Spdk bdev

Hi

I wonder if I correctly understand SPDK support in linstor.

SPDK is listed as storage providers, however, even though I compiled and installed on the node, it still shows “red”.

What I am looking for is using the “local” SPDK driver to acces the NVMe devices.
(similar to fio with SPDK_BDEV driver).

Is this even possible or intended somehow? The SPDK fio example contains an ioengine (ioengine=/opt/spdk/build/fio/spdk_bdev) for testing, this made me thinking, that it might be possible:

# ./scripts/rpc.py bdev_nvme_attach_controller -b NVMe0 -t PCIe -a 0000:03:00.0
NVMe0n1
# ./scripts/rpc.py bdev_get_bdevs
[
  {
    "name": "NVMe0n1",
    "aliases": [
      "00000000-0000-0000-8ce3-8ee225a6ef01"
    ],
    "product_name": "NVMe disk",
    "block_size": 512,
    "num_blocks": 7501476528,
    "uuid": "00000000-0000-0000-8ce3-8ee225a6ef01",
    "numa_id": 0,
...
    }
  }
]

and fio driver then can access by using

# cat fio_bdev.json 
{
"subsystems": [
{
"subsystem": "bdev",
"config": [
{
"method": "bdev_nvme_attach_controller",
"params": {
"trtype": "PCIe",
"name":"Nvme0",
"traddr":"0000:03:00.0"

The above just to further iterate what I am looking for, direct to the local device rather than using SPDK as NVMe-oF backend.
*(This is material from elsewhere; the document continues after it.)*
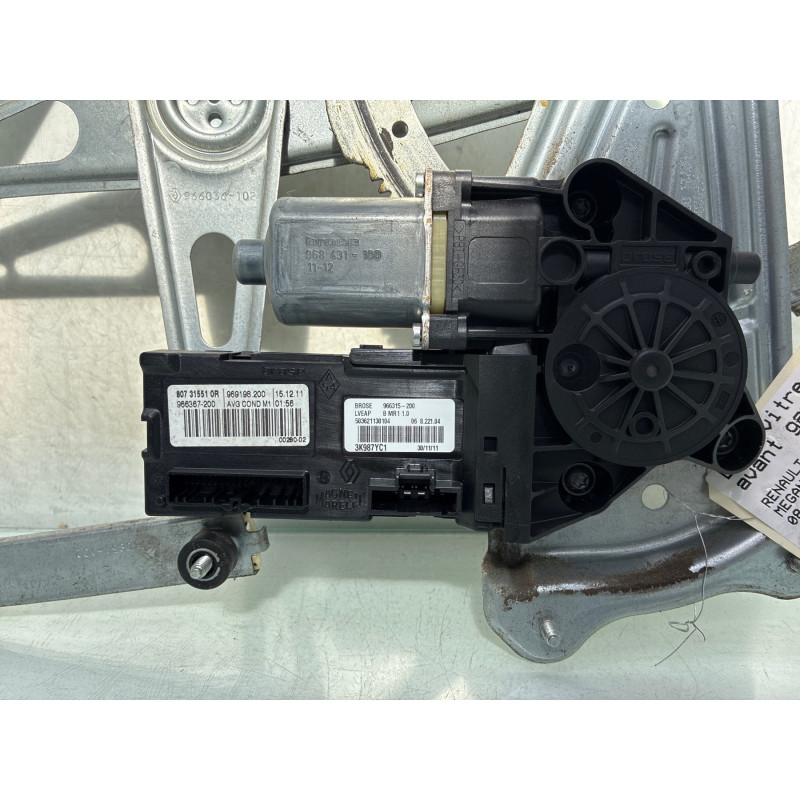 Leve vitre electrique avant gauche RENAULT MEGANE 3 Photo n°3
Would be great to get some insight.

Thanks!
M.

If you run linstor node info --full you should get explanations why some of your providers and/or layers are not supported, for example like this line:

  SPDK: IO exception occured when running 'rpc.py spdk_get_version': Cannot run program "rpc.py": error=2, No such file or directory

That means that LINSTOR is looking for the rpc.py executable but could not find it. Since you were referring to ./scripts/rpc.py, I guess you should try to make the rpc.py accessible from anywhere (include it in your PATH or move it to /usr/bin/ or the other usual places) and linstor node reconnect $node_name the satellite again.

Hi

Thanks for clarifing. However, is there a way to get more log output, as it is in path available:

:~# linstor node reconnect node-2
SUCCESS:
    Nodes [node-2] will be reconnected.
SUCCESS:
Description:
    Node 'node-2' authenticated
Details:
    Supported storage providers: [diskless, lvm, lvm_thin, zfs, zfs_thin, file, file_thin, remote_spdk, exos, ebs_init, ebs_target]
    Supported resource layers  : [drbd, luks, nvme, writecache, cache, storage]
    Unsupported storage providers:
        SPDK: 'rpc.py spdk_get_version' returned with exit code 1
        STORAGE_SPACES: This tool does not exist on the Linux platform.
        STORAGE_SPACES_THIN: This tool does not exist on the Linux platform.
    
    Unsupported resource layers:
        BCACHE: IO exception occured when running 'make-bcache -h': Cannot run program "make-bcache": error=2, No such file or directory
:~# ssh node-2 rpc.py spdk_get_version
{
  "version": "SPDK v25.01-pre git sha1 d0bb35429",
  "fields": {
    "major": 25,
    "minor": 1,
    "patch": 0,
    "suffix": "-pre",
    "commit": "d0bb35429"
  }
}
:~# ssh node-2 which rpc.py
/usr/bin/rpc.py

You see the command that LINSTOR tried to execute to determine the version: rpc.py spdk_get_version. Can you run that command manually and see the output?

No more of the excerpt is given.